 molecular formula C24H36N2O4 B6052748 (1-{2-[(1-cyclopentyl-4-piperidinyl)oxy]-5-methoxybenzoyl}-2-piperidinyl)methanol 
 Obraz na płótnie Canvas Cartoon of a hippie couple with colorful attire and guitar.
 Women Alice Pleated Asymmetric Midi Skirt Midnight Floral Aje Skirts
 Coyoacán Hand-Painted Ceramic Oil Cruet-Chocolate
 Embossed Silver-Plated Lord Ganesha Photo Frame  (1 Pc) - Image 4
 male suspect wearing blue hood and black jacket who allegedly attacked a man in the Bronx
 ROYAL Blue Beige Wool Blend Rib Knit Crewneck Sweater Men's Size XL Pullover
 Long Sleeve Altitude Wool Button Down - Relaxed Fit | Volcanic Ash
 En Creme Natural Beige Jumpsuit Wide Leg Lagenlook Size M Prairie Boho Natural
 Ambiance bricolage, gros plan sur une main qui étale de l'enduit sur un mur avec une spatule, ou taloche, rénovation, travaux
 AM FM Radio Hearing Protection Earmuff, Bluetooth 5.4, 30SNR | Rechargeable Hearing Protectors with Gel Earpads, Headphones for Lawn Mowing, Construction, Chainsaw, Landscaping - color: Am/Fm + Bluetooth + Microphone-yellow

▶ **TASK BRIEF**
Repeat the data precisely, reproducing every entry.

▶ **RESULT**
 molecular formula C24H36N2O4 B6052748 (1-{2-[(1-cyclopentyl-4-piperidinyl)oxy]-5-methoxybenzoyl}-2-piperidinyl)methanol 
 Obraz na płótnie Canvas Cartoon of a hippie couple with colorful attire and guitar.
 Women Alice Pleated Asymmetric Midi Skirt Midnight Floral Aje Skirts
 Coyoacán Hand-Painted Ceramic Oil Cruet-Chocolate
 Embossed Silver-Plated Lord Ganesha Photo Frame  (1 Pc) - Image 4
 male suspect wearing blue hood and black jacket who allegedly attacked a man in the Bronx
 ROYAL Blue Beige Wool Blend Rib Knit Crewneck Sweater Men's Size XL Pullover
 Long Sleeve Altitude Wool Button Down - Relaxed Fit | Volcanic Ash
 En Creme Natural Beige Jumpsuit Wide Leg Lagenlook Size M Prairie Boho Natural
 Ambiance bricolage, gros plan sur une main qui étale de l'enduit sur un mur avec une spatule, ou taloche, rénovation, travaux
 AM FM Radio Hearing Protection Earmuff, Bluetooth 5.4, 30SNR | Rechargeable Hearing Protectors with Gel Earpads, Headphones for Lawn Mowing, Construction, Chainsaw, Landscaping - color: Am/Fm + Bluetooth + Microphone-yellow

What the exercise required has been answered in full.